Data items
=-=-=-=-=

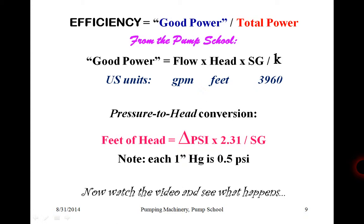Note that one inch of mercury equals half a PSI, and we need that conversion. In the video we are about to watch, the suction pressure will actually become negative — it will create a partial vacuum. Because vacuum is typically measured in inches of mercury, not in PSI, we need to be able to convert. So let's watch the video and see what actually happens.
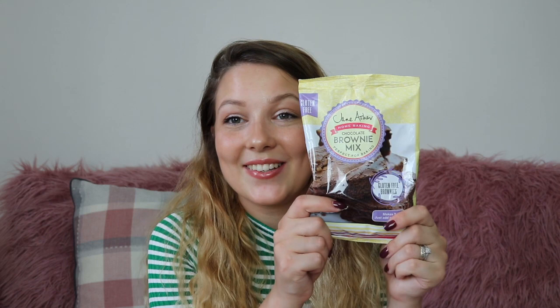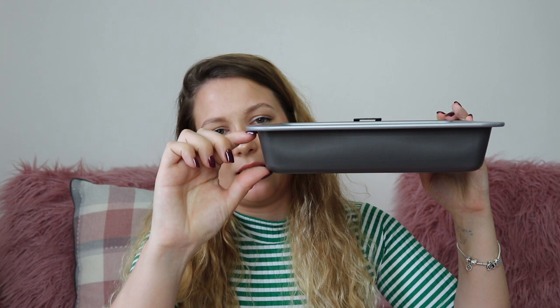We've also got some chocolate brownie mix. These are gluten free, which is great because my mum is actually gluten free — I could make her some gluten free brownies when she comes around after social distancing. I might save this for when I can make my mum some chocolate brownies. To make your brownies in, we've got a nine inch square brownie tin, double coated non-stick and five centimetres deep. I love that it's come with two really good quality cake tins — it makes it even better value.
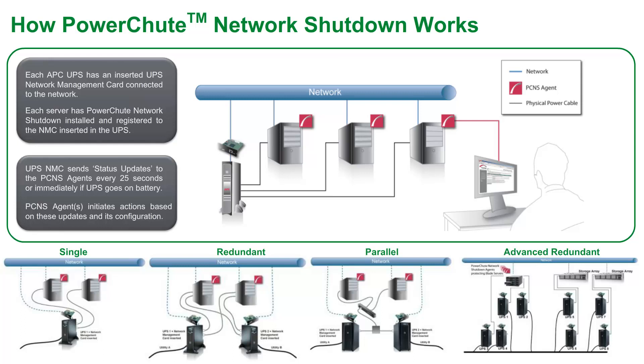PowerShoot Network Shutdown supports the following UPS configurations: a single UPS protecting one or more servers; up to four UPSs configured in a redundant UPS configuration supporting one or more servers. Each UPS has the capacity to supply power to the load on its own. The first UPS provides all the power for the load, and the additional UPSs act as a reserve.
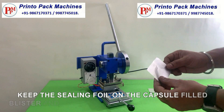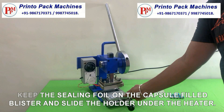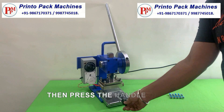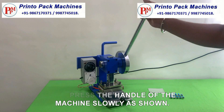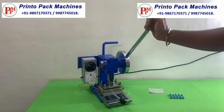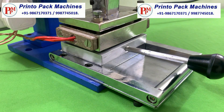Keep the sealing foil on the capsule filled blister and slide the holder under the heater. Then press the handle of the machine slowly as shown.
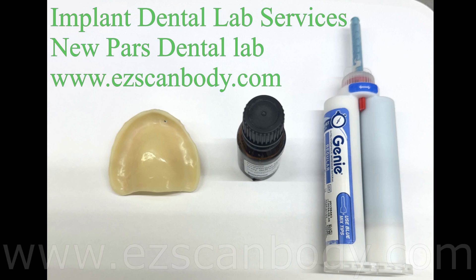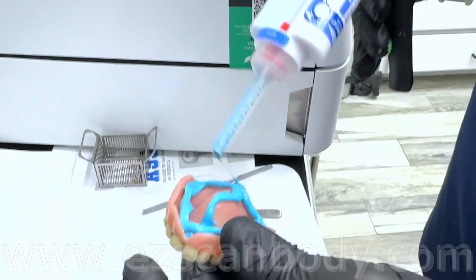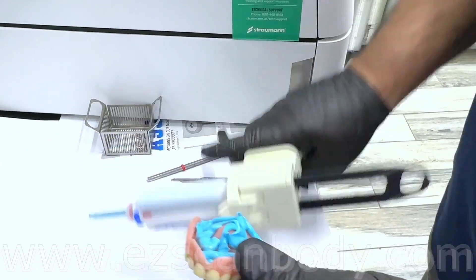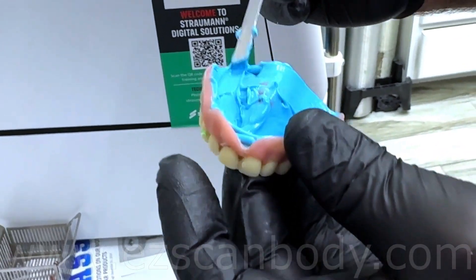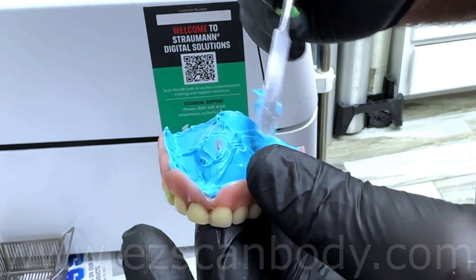To start, we need to reline the denture and use it as a special tray and bite block at the same time. Use adhesive to make sure the impression material won't come off from the denture. Spread the impression material evenly and make sure to cover all the borders. If there is no space between the gum and denture, you can use light body impression material.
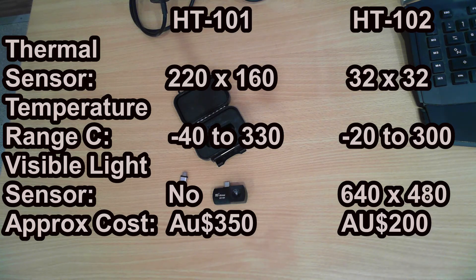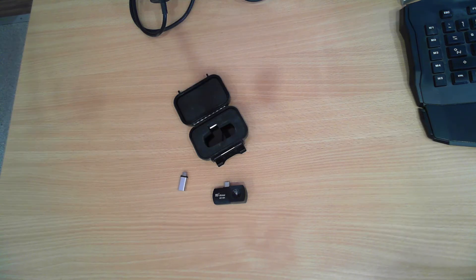However, the HT101 doesn't have the built-in camera on the same module, so it relies on the camera that's in your phone for the visible light spectrum. The camera on the phone is typically a lot further away from the thermal imaging sensor compared to the HT102.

=-=-=-=-=

__What is required__.
An exact copy is needed of the stretch above that opens with the line containing "PowerShoot Network Shutdown" and closes with the line containing "Keep the sealing"; the pictures are not part of it.

__Response__.
PowerShoot Network Shutdown supports the following UPS configurations: a single UPS protecting one or more servers; up to four UPSs configured in a redundant UPS configuration supporting one or more servers. Each UPS has the capacity to supply power to the load on its own. The first UPS provides all the power for the load, and the additional UPSs act as a reserve.
Keep the sealing foil on the capsule filled blister and slide the holder under the heater. Then press the handle of the machine slowly as shown.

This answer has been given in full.